Default Settings for Japanese¶
The following table shows the default symbol settings for Japanese documents. In the table, the first column contains the name of each symbol and the second column (Value) shows the symbol’s character value. The columns ‘NeedBeforeSpace’, ‘NeedAfterSpace’ ‘InvalidChars’ indicate if the symbol should be followed by or preceded by a space and the symbol’s invalid characters, respectively.
Symbol | Value | NeedBeforeSpace | NeedAfterSpace | InvalidChars | Description |
---|---|---|---|---|---|
FULL_STOP | ‘。
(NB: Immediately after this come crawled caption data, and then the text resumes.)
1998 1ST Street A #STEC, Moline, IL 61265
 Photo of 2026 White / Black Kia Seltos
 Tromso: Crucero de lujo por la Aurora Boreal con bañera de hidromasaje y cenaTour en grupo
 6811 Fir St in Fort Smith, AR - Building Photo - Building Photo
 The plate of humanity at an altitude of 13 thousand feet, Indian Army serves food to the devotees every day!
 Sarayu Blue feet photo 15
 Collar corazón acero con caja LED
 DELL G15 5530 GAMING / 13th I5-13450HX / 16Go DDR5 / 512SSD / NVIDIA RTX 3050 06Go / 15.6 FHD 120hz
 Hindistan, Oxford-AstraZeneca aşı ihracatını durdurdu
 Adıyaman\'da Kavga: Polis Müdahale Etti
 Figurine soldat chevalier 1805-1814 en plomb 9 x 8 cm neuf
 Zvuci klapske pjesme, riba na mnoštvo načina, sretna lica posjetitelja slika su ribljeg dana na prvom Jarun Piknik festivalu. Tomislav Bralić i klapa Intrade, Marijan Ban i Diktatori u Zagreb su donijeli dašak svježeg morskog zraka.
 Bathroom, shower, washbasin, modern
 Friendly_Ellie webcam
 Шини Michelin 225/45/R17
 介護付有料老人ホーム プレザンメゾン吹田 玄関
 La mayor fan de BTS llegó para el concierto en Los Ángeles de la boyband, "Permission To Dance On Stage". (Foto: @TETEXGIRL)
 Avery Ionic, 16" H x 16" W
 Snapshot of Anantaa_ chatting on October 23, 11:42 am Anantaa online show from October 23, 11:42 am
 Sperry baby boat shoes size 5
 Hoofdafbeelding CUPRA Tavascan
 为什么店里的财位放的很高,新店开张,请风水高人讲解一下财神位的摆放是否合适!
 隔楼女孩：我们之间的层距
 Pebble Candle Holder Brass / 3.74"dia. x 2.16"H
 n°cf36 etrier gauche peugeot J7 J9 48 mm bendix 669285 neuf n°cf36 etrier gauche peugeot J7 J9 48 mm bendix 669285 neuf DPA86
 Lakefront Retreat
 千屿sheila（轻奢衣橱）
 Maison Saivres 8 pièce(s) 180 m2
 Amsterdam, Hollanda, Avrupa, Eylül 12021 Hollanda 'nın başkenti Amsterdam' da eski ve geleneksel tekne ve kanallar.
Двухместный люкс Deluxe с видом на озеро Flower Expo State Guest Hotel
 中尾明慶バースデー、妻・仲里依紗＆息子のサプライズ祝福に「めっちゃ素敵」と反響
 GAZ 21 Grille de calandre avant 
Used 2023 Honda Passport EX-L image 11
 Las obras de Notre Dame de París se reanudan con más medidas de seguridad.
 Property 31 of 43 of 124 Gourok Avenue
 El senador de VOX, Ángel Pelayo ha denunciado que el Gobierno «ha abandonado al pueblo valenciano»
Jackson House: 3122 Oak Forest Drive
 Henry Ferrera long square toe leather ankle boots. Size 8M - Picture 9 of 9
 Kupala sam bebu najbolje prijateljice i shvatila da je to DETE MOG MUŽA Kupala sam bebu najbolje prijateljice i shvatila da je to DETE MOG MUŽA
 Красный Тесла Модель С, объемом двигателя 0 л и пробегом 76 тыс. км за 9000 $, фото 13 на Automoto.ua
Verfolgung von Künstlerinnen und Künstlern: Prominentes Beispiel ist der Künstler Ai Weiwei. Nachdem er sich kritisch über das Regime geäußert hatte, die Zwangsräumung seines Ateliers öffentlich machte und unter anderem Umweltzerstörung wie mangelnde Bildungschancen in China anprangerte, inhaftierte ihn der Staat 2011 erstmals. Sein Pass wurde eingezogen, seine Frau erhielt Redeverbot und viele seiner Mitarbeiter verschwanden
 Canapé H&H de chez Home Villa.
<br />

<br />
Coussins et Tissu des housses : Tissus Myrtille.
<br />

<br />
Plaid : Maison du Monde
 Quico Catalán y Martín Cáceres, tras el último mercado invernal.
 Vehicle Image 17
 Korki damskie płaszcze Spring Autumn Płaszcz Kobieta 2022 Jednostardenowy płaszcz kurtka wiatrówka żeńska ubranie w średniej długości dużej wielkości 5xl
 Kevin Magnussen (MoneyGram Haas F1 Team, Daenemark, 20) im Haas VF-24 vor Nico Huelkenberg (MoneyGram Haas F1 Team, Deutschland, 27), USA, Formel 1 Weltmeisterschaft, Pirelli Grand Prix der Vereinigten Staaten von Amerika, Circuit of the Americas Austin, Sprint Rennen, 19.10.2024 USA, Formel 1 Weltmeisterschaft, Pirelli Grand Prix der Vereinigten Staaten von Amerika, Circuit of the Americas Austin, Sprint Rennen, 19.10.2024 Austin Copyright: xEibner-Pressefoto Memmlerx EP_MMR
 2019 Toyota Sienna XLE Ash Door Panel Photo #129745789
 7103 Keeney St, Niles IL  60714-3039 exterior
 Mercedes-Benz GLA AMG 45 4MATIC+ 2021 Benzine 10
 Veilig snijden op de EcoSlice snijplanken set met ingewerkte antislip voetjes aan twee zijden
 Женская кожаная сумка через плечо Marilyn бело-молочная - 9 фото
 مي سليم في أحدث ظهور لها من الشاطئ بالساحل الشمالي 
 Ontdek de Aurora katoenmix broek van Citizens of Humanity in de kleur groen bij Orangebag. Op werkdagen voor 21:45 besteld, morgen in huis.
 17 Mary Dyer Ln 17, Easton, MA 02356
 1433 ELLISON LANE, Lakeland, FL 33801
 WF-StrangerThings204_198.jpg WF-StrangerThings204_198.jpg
’ | false | false | ‘.’,’.’ | Sentence period |
SPACE | ‘ ’ | false | false | White space between words | |
EXCLAMATION_MARK | ‘!’ | false | false | ‘!’ | Exclamation mark |
NUMBER_SIGN | ‘#’ | false | false | ‘#’ | Number sign |
DOLLAR_SIGN | ‘$’ | false | false | ‘$’ | Dollar sign |
PERCENT_SIGN | ‘%’ | false | false | ‘%’ | Percent sign |
QUESTION_MARK | ‘?’ | false | false | ‘?’ | Question mark |
AMPERSAND | ‘&’ | false | false | ‘&’ | Ampersand |
LEFT_PARENTHESIS | ‘(’ | false | false | ‘(‘ | Left parenthesis |
RIGHT_PARENTHESIS | ‘)’ | false | false | ‘)’ | Right parenthesis |
ASTERISK | ‘*’ | false | false | ‘*’ | Asterrisk |
COMMA | ‘、’ | false | false | ‘,’,’,’ | Comma |
PLUS_SIGN | ‘+’ | false | false | ‘+’ | Plus sign |
HYPHEN_SIGN | ‘ー’ | false | false | ‘-‘ | Hyphenation |
SLASH | ‘/’ | false | false | ‘/’ | Slash |
COLON | ‘:’ | false | false | ‘:’ | Colon |
SEMICOLON | ‘;’ | false | false | ‘;’ | Semicolon |
LESS_THAN_SIGN | ‘<’ | false | false | ‘<’ | Less than sign |
GREATER_THAN_SIGN | ‘>’ | false | false | ‘>’ | Greater than sign |
EQUAL_SIGN | ‘=’ | false | false | ‘=’ | Equal sign |
AT_MARK | ‘@’ | false | false | ‘@’ | At mark |
LEFT_SQUARE_BRACKET | ‘「’ | true | false | Left square bracket | |
RIGHT_SQUARE_BRACKET | ‘」’ | false | false | Right square bracket | |
BACKSLASH | ‘¥’ | false | false | Backslash | |
CIRCUMFLEX_ACCENT | ‘^’ | false | false | ‘^’ | Circumflex accent |
LOW_LINE | ‘_’ | false | false | ‘_’ | Low line (under bar) |
LEFT_CURLY_BRACKET | ‘{’ | true | false | ‘{‘ | Left curly bracket |
RIGHT_CURLY_BRACKET | ‘}’ | true | false | ‘}’ | Right curly bracket |
VERTICAL_VAR | ‘|’ | false | false | ‘|’ | Vertical bar |
TILDE | ‘〜’ | false | false | ‘~’ | Tilde |
LEFT_SINGLE_QUOTATION_MARK | ‘‘’ | false | false | Left single quotation mark | |
RIGHT_SINGLE_QUOTATION_MARK | ‘’’ | false | false | Right single quotation mark | |
LEFT_DOUBLE_QUOTATION_MARK | ‘“’ | false | false | Left double quotation mark | |
RIGHT_DOUBLE_QUOTATION_MARK | ‘”’ | false | false | Right double quotation mark |
These settings are used by several Validators such as InvalidSymbol and SpaceValidator. If you want to change the symbol definitions used by these Validators, you can override the settings by adding symbol elements to the symbols section of the redpen configuration file.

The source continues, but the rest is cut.